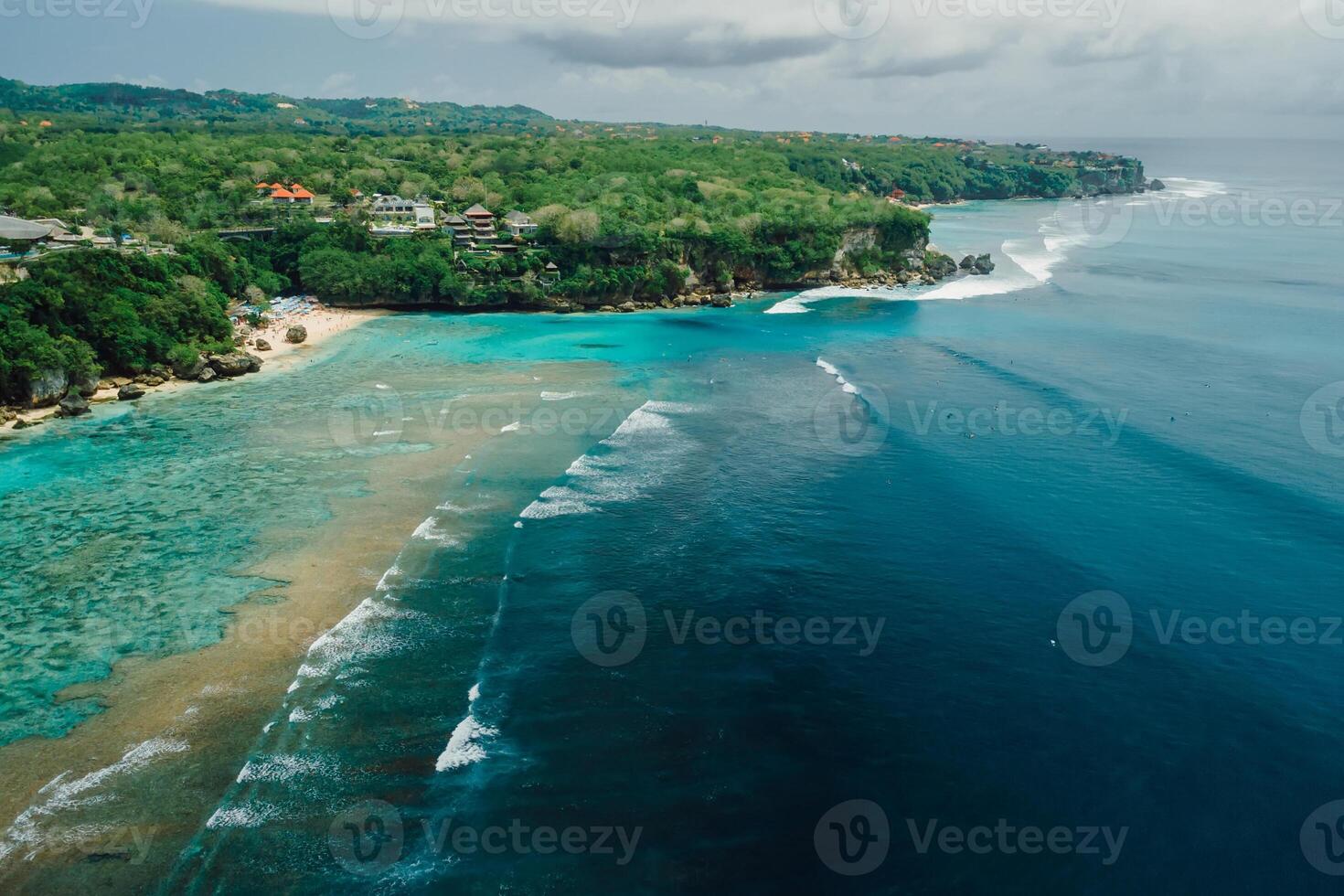 Aerial view of ocean with waves and coastline on Padang Padang beach in Bali photo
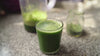 Adding spirulina to glass of healthy green vegetab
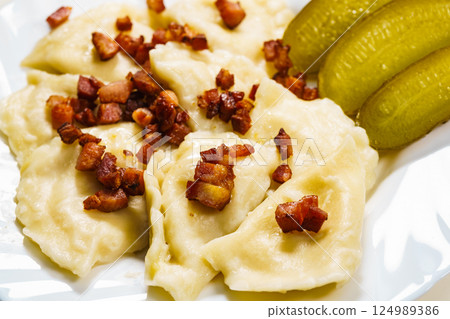 Dumplings with meat bacon scratchings. Dumplings with meat bacon scratchings. 124989386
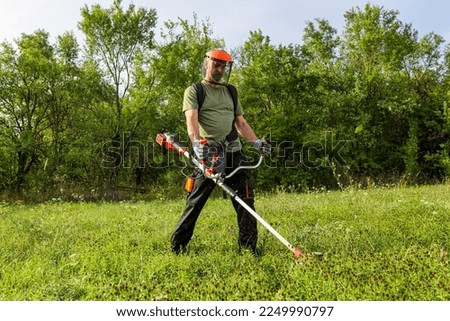 Man mowing the grass at his garden by using string trimmer with protective helmet and gloves.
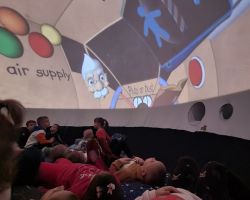 zdjęcia dzieci podczas seansu w mobilnym planetarium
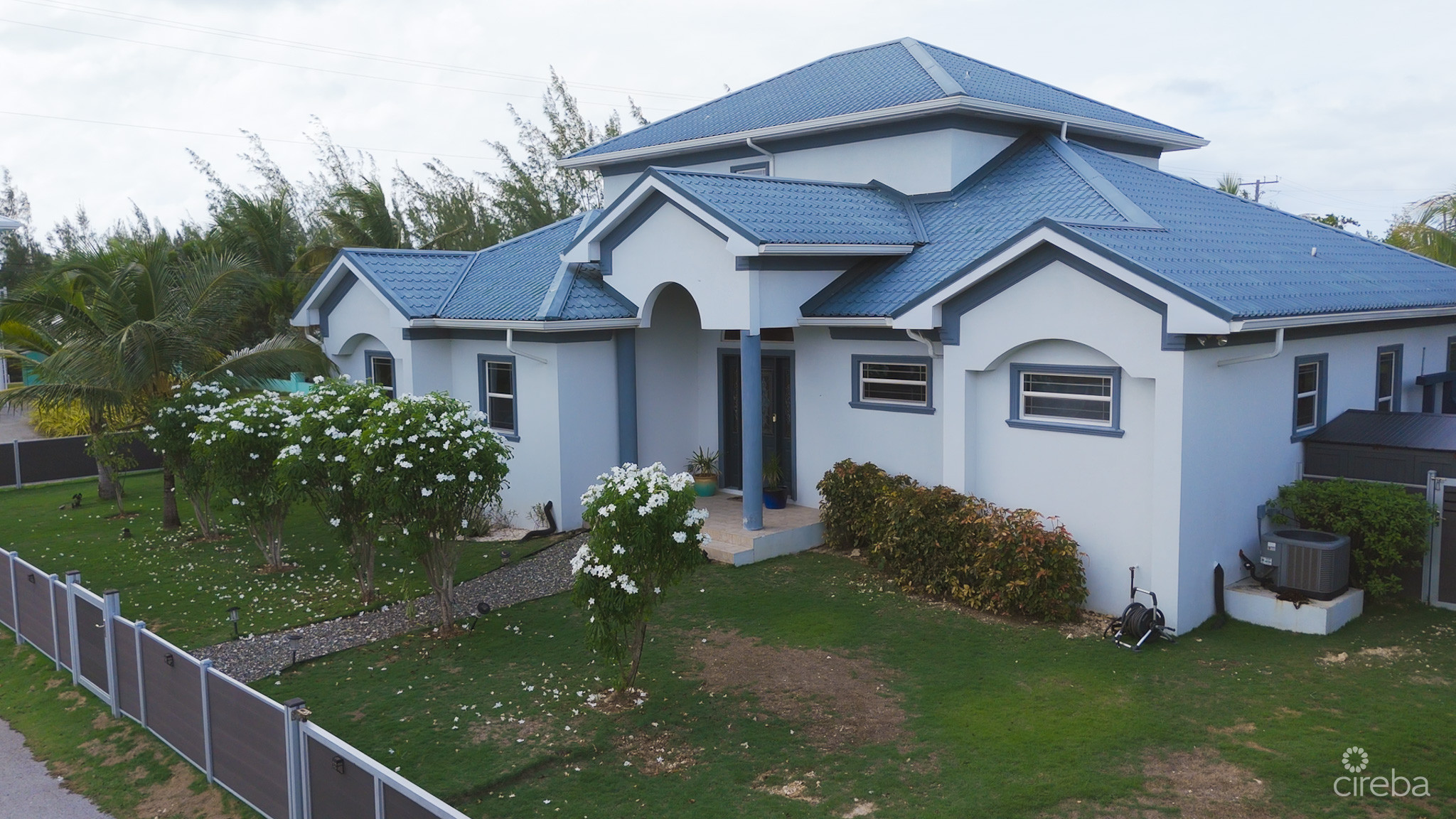 SUN ROSE CANAL FRONT HOME – NORTH SOUND ESTATES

....

### ACTION ITEM:
If a record holds a picture, leave the picture out, but copy everything else exactly.

### FINAL ANSWER:
 Aerial view of ocean with waves and coastline on Padang Padang beach in Bali photo
 Adding spirulina to glass of healthy green vegetab
 Dumplings with meat bacon scratchings. Dumplings with meat bacon scratchings. 124989386
 Man mowing the grass at his garden by using string trimmer with protective helmet and gloves.
 zdjęcia dzieci podczas seansu w mobilnym planetarium
 SUN ROSE CANAL FRONT HOME – NORTH SOUND ESTATES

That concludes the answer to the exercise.